Chapter 71 The Jeroboam's Story

        Here we meet Gabriel, a "scaramouch" -- in Stubb's words -- who haunts another Nantucket whaleship. As the previous chapter ended, Ahab's gloomy soliloquy was interrupted by the sighting of a sail on the horizon. The Pequod signalled the distant ship, and she replied, signalling she was the whaleship Jeroboam of Nantucket. [Note that Jeroboam, like Ahab, was the name of a king of Israel who fell from favor with the Lord.]

        The Jeroboam approached and "ranged abeam under the Pequod's lee, and lowered a boat that soon drew nigh". But Captain Mayhew let it be known that there was "a malignant epidemic" aboard his ship and, remaining in the boat, refused to come into direct contact with the Pequod's crew. With some difficulty, the rowers in Mayhew's boat were able to keep alongside the Pequod while some conversation was exchanged. It was then that Stubb recognized one of the rowers as the one he was told about "when the Pequod spoke the Town-Ho".

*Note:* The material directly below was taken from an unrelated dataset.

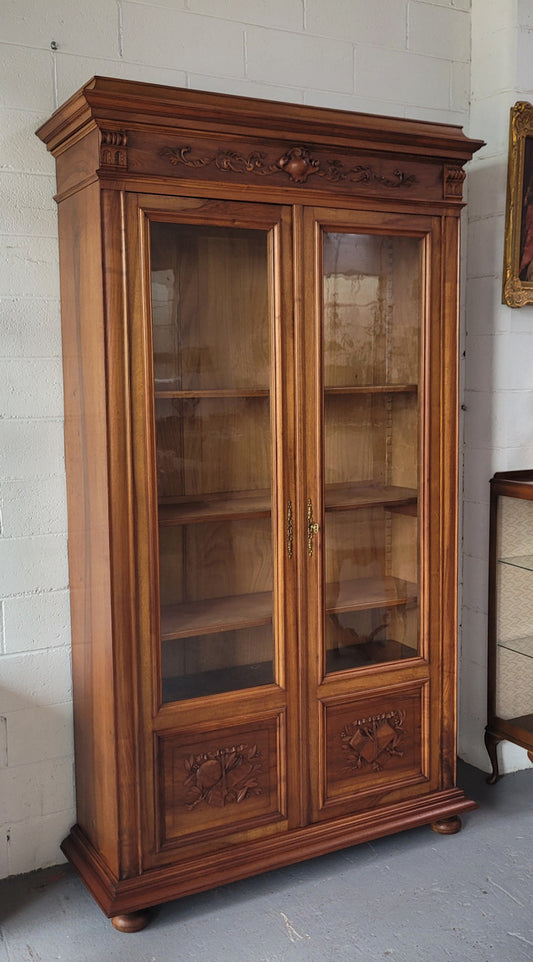 Stunning French Walnut Henry II style two door bookcase with four fully adjustable shelves. The lock on the door is functional and has a key. It is in good original detailed condition.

        It seems that this "scaramouch" had been something of a prophet to a sect of Shakers [a celibate religious group], but -- inexplicably -- he took it into his head to go to Nantucket as a green-hand whaleman -- and was shipped aboard the Jeroboam. As soon as the ship was out of sight of land, he "announced himself as the archangel Gabriel and commanded Captain Mayhew to jump overboard". In so doing, he won over the superstitious, fearful crew immediately; he refused to work except when it pleased him to do so; and he threatened the ship and all hands to "unconditional perdition" should the captain try to get rid of him. The crew informed the captain that they would desert the ship if Gabriel were removed. And so Gabriel had the complete freedom of the ship -- and when the plague struck, he declared it was his doing, whereupon he got homage such as might be rendered to a god. "Such things may seem incredible, but the history of fanatics is replete with their own self-deception, and their measureless power in deceiving so many others."

        "I fear not thy epidemic, man," said Ahab from the bulwarks [side railing], "come aboard." But Gabriel here interrupted: "Beware of the horrible plague!" At this, Captain Mayhew tried to shut Gabriel up -- but the boat lurched in the wind. "Hast thou seen the White Whale?" demanded Ahab. And Gabriel pipes up, Beware of his horrible tail! Captain Mayhew, furious, shouts, "I tell thee again, Gabriel, that --" But the boat lurched again.

        Remarkably, Captain Mayhew was able to tell his tale of Moby Dick despite the riotous waves and the insolent interuptions from "God's Hero". It seems that Gabriel had forbidden the striking of the great White Whale, insisting that it was "the Shaker God incarnated" -- but Macey, the chief mate, had defied fate and managed to get a harpoon into Moby Dick. Gabriel ascended the main-royal mast-head and shouted prophecies of doom down on Macey's head. Sure enough, a flick of the whale's tail and Mate Macey went flying through the air, sinking down to Davey Jones. Gabriel claimed credit, Moby Dick cruised away, and the Jeroboam filled with nameless fright. From the tossing boat Gabriel bade Ahab to beware the blasphemer's fate.

        It turns out that the Pequod's mail bag contained a letter from Macey's wife. In being transferred to Mayhew's boat, the letter fell into Gabriel's hands. The scaramouch impaled it on a knife and hurled it back to Ahab crying, "Nay, keep it thyself -- thou art soon going where Macey now lies." After that, many strange things were hinted among the Pequod's crew in reference to this wild affair.